I don't think its the same thing I saw, but I saw one where inmates trained and worked with shelter dogs getting them ready for adoption. It was great. I come from alot of prison family so I like seeing inmates have something to do lmao.


----------



## mygirlmaile (Mar 26, 2009)

LMFAO. No, I didnt pay any attention to those times. I just saw it on TV and it said 10pm...SO...IDK??

Here...
ohmidog! Pit bulls and parolees on Animal Planet


----------



## mygirlmaile (Mar 26, 2009)

I think its great!!! Id love to volunteer to do something like that...not so much go to prison, but help rehabilitate abused dogs maybe?


----------



## JFlowersLA (Oct 14, 2009)

HAHA!! She was a house mom for a brothal and her "second" husband is an ex-con that is also a tattoo artist. Sounds like a fun bunch! I'd like to watch it just see "what will happen next". HAHA!


----------



## meganc66 (Mar 6, 2009)

I just set my DVR to record it! *throws confetti* yipee!!!


----------



## mygirlmaile (Mar 26, 2009)

JFlowersLA said:


> HAHA!! She was a house mom for a brothal and her "second" husband is an ex-con that is also a tattoo artist. Sounds like a fun bunch! I'd like to watch it just see "what will happen next". HAHA!

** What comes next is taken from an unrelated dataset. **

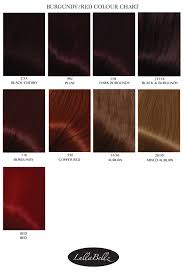 49 Qualified Hair Extension Color Number Chart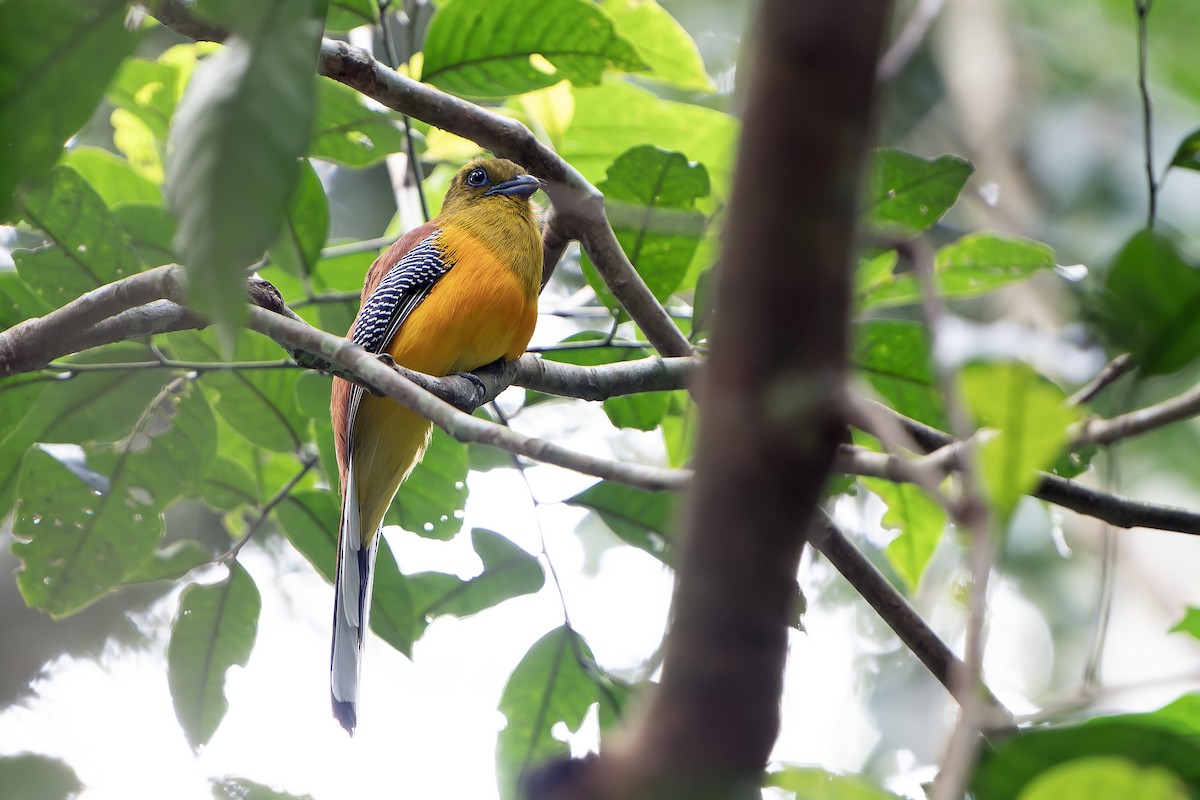 Orangebauchtrogon [dulitensis-Gruppe] - ML628466968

I read that too. LMFAO. The brothel burnt down!!! What a mess. But it sure sounds intriguing now. LOL. Im so watching it!


----------



## DueceAddicTed (Sep 28, 2009)

Thanks for reminding me gotta set the dvr .. heading out to the strip club by the time it starts ......


----------



## DueceAddicTed (Sep 28, 2009)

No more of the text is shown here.